Ceu Popong menuturkan bahwa Ibu Dewi Sartika telah melakukan hal besar di masa lampau. Di usia 18 tahun ia sudah mendirikan sekolah untuk perempuan dari hasil menjual semua perhiasannya.
“Jadi ada satu ungkapan yang berbunyi, setiap orang ada waktunya setiap waktu ada orangnya,” ujar Ceu Popong.
Ungkapan tersebut berarti bahwa setiap orang harus memanfaatkan waktu sesuai dengan kapasitasnya. Ia mengatakan, untuk memperingati perjuangan Ibu Dewi Sartika, kita hanya perlu menjadi yang terbaik sesuai dengan siapa kita.
“Kalau wartawan, jadilah wartawan yang baik. Kalau menjadi anggota DPR seperti Ceu Popong, jadilah anggota DPR yang baik,” jelasnya. “Demikian pula menjadi walikota”, imbuh Ceu Popong.
Kepada Emil, sapaan akrab Wali Kota Bandung, Ceu Popong memberikan masukan dan nasehat agar senantiasa menjadi walikota yang amanah dan dicintai warganya. Bagi Ceu Popong, dalam urusan apapun yang terpenting adalah kemampuan untuk mengelola emosi.

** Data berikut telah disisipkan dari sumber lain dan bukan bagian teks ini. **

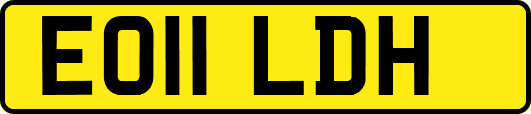 EO11LDH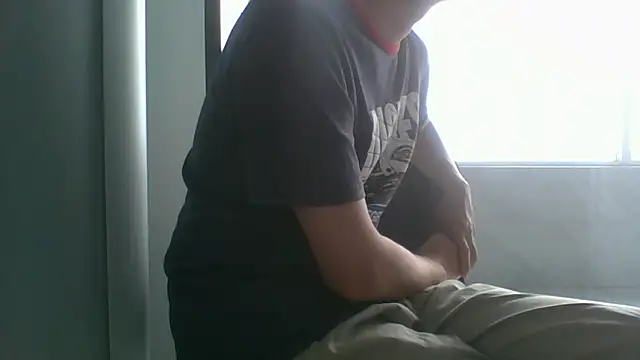 nole_china7: онлайн-секс-чат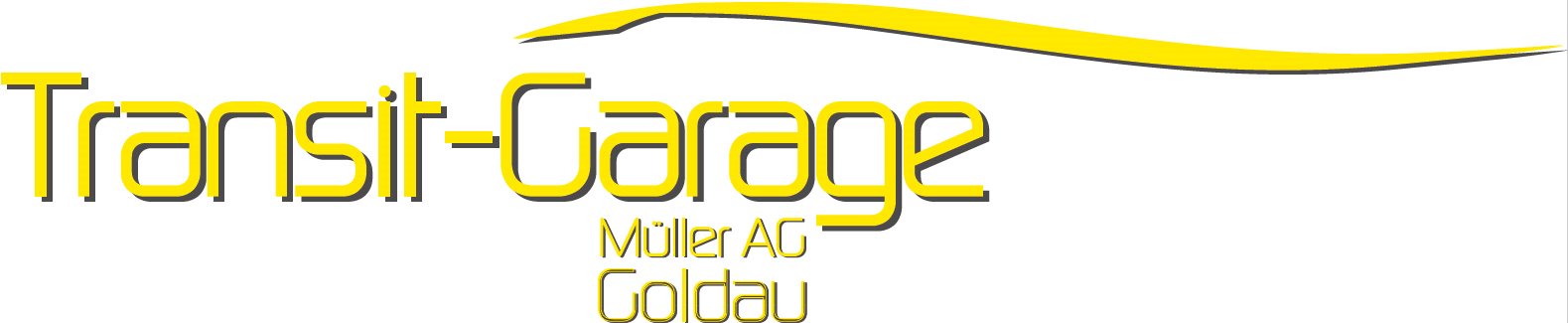 Transit-Garage Müller AG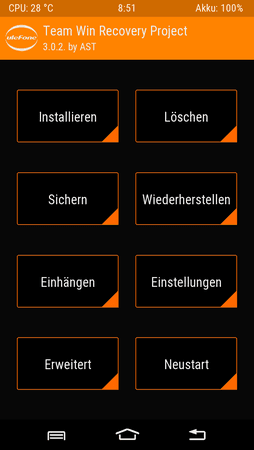 TWRP.png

“Kalau kita tidak mampu mengendalikan emosi, tidak ada bedanya dengan yang tidak berpendidikan. Karena kalau orang sudah tidak terkendali emosinya, otaknya tidak akan jalan. Makanya nomor satu adalah pengendalian emosi. Dalam keadaan apapun, menghadapi siapapun, sebagai apapun,” pesan Ceu Popong.

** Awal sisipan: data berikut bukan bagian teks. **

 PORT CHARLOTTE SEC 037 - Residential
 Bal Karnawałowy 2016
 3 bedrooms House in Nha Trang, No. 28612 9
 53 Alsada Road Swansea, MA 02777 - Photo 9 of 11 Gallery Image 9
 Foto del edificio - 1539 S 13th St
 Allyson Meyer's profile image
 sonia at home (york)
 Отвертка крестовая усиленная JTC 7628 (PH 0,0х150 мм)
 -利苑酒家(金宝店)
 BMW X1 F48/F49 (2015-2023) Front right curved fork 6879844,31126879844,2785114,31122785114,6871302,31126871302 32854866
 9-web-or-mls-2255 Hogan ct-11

Selain itu, Ceu Popong juga menjelaskan bagaimana seorang pemimpin harus memberi teladan yang baik bagi warganya. Seorang pemimpin menurutnya harus menyayangi rakyatnya.
Hal ini ditanggapi positif oleh Ridwan Kamil. Sebagai pemimpin, ia sadar bahwa ia harus menjaga perilaku dan ucapannya. “Pemimpin itu keteladanan. Tindak-tanduknya jadi cerminan, maka ucapan dan perilakunya harus terjaga. Sehingga pelajaran hari, ini saya harus pandai-pandai mengatur kalimat, yang penting diucapkan dan yang tidak perlu diucapkan,” ungkap Emil.

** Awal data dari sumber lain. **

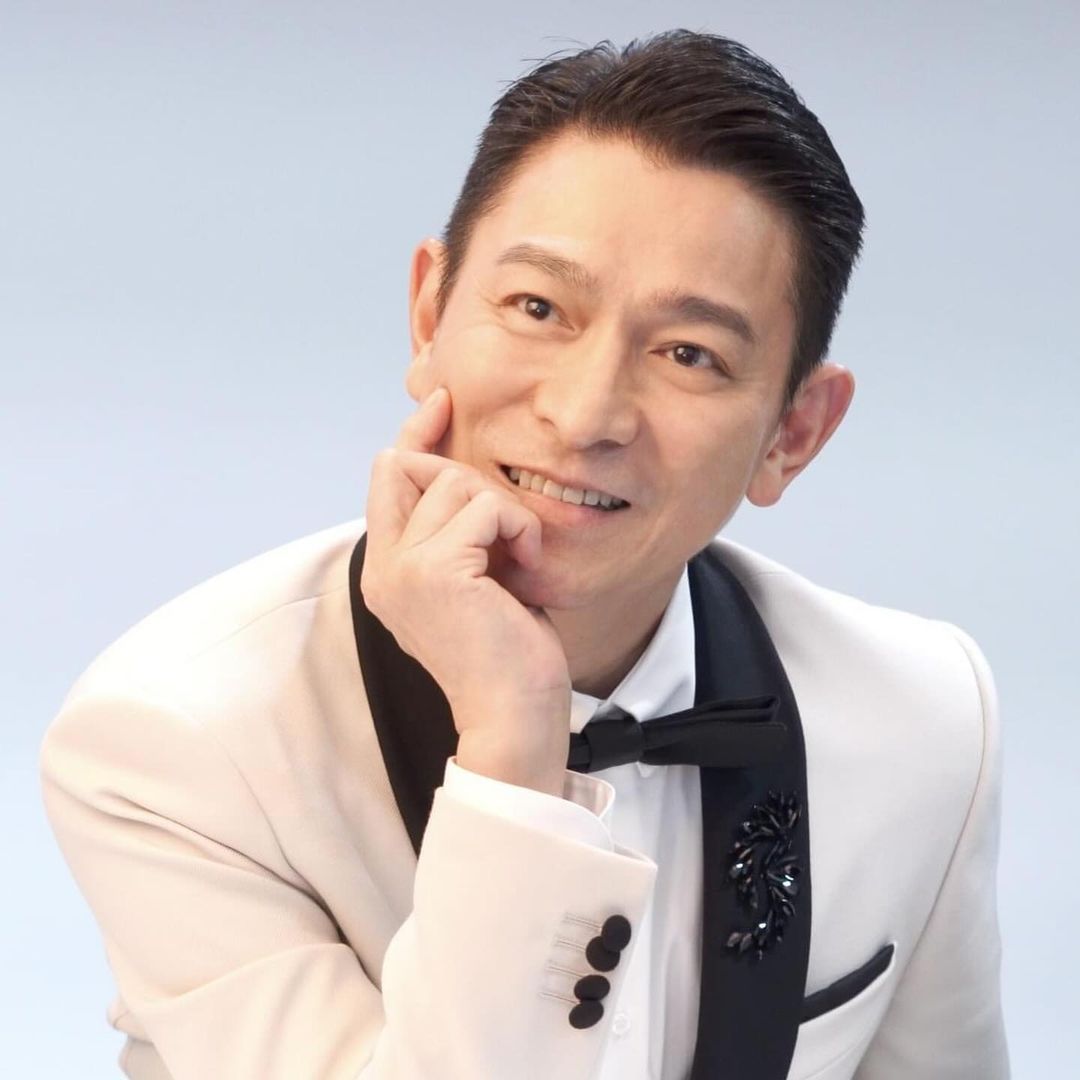 Snapinsta app 440519186 735019058829818 2103787641088938345 n 1080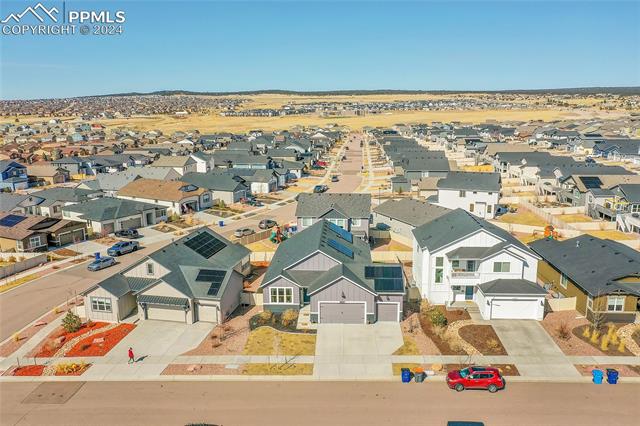 6937 Cumbre Vista Way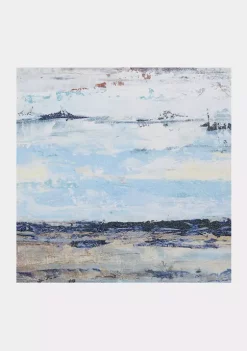 Buy ❤️ Madison Park Bliss Gallery Art 5 Piece Set ⌛ -Madison Park Shop Belk 3258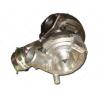 Buy cheap BMW X5 GT2056V Turbo 700935-0003,7785991B,11657785992 from wholesalers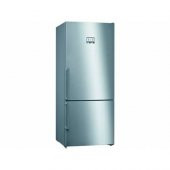 Bosch KGN76AIF0N Buzdolabı, Soğutucu - 1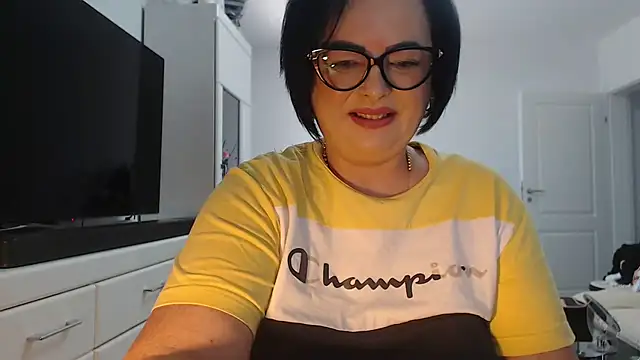 Amandamuller1982 online show from 07-12-26, 10:05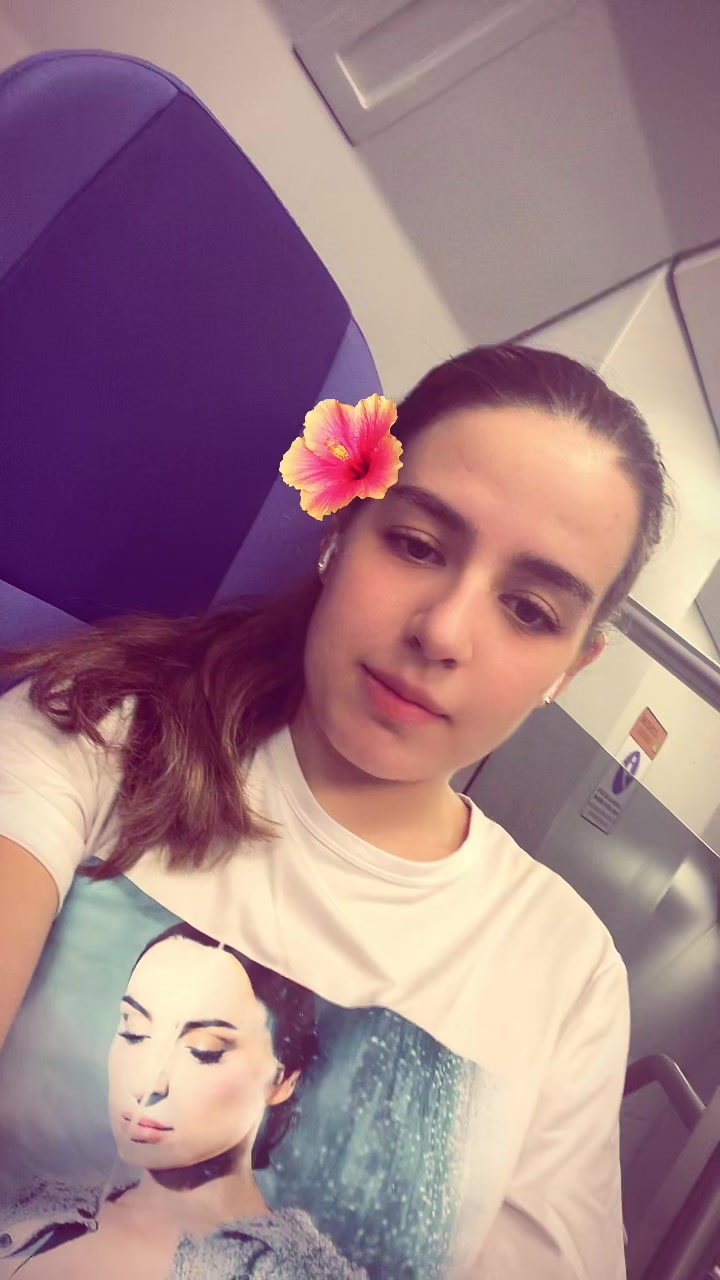 @tecla_fan_di_lenoire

Ia berkaca pada beberapa peristiwa yang berkaitan dengan para pemimpin daerah di Indonesia. Kemampuan mengendalikan emosi yang diajarkan Ceu Popong dan kemampuan memahami kondisi masyarakat yang multikultural menjadi bekal untuknya.
“Semua yang diucapkan, walau ada niat atau tidak ada niat, pasti ada tafsir dalam setiap ucapan dan tindakan seorang pemimpin. Betul-betul harus arif bijaksana, apalagi di Indonesia yang multikultural,” urainya.